Answer by robertbu · Oct 20, 2014 at 05:14 PM
The Collision2D pass in the OnCollisionEnter2D() has a relativeVelocity:
http://docs.unity3d.com/ScriptReference/Collision2D-relativeVelocity.html
Thanks, but that is the relative velocity of the two objects, i.e. it's the same for both colliding objects. I'd need to have one number for ball1 and another for ball2, depending on their vectors..
Why do you need one number for each ball? The magnitude of relativeVelocity gives you a measure of how hard the two balls hit. Say the two balls were chasing each other and one was traveling at a speed of 999.999 and the other was traveling at a speed of 1000, the impact is going to be $$anonymous$$or for both objects. If the mass is different, then you may want to dig deeper.
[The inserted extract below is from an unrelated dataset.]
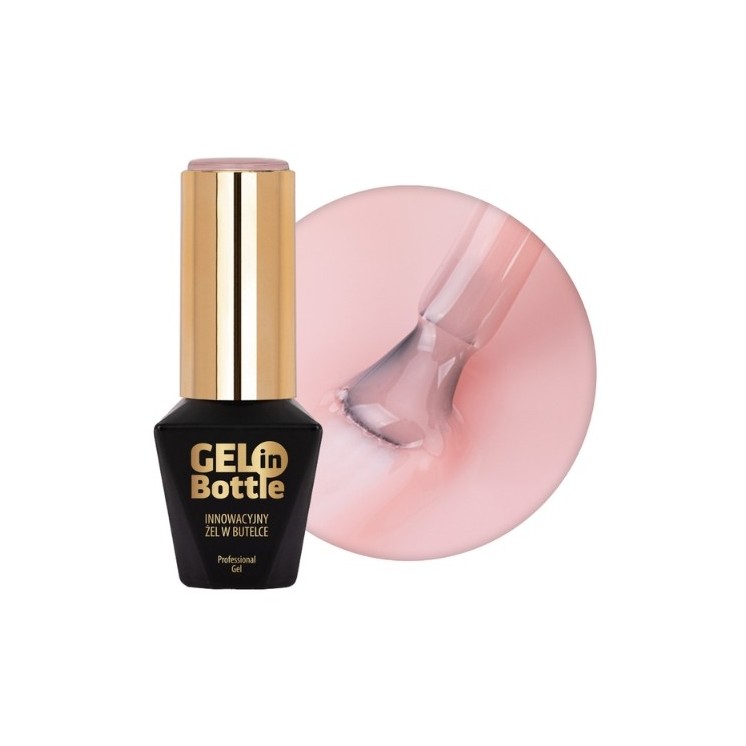 MollyLac Gel in bottle Nagelgel in der Flasche mit Multifunktionspinsel Naked 10 g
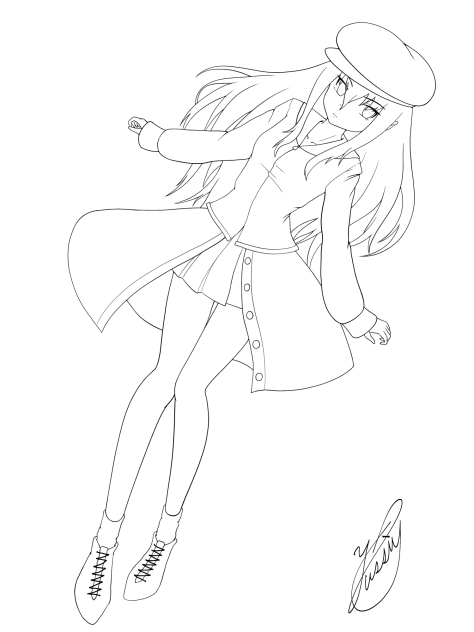 Love-letter（線画）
"The more towards the other ball my ball is going, the higher the damage is, and vice versa."
If this is really how you want to handle it, Vector3.Dot() can calculate a value for you:
http://docs.unity3d.com/ScriptReference/Vector3.Dot.html
http://www.mathsisfun.com/algebra/vectors-dot-product.html
If you normalize the two velocity vectors passed (not necessarily what you want to do), then a value of -1 means they are going in opposite directions. A value of 1 means they are going in the same direction, and a value of 0 means they are moving at right angles with respect to each other.
Again not necessarily what you want, but Vector3.Angle() of the two velocity going into the collision will give you an unsigned angle that gives you a value you can use to see the relationship between the two objdcts.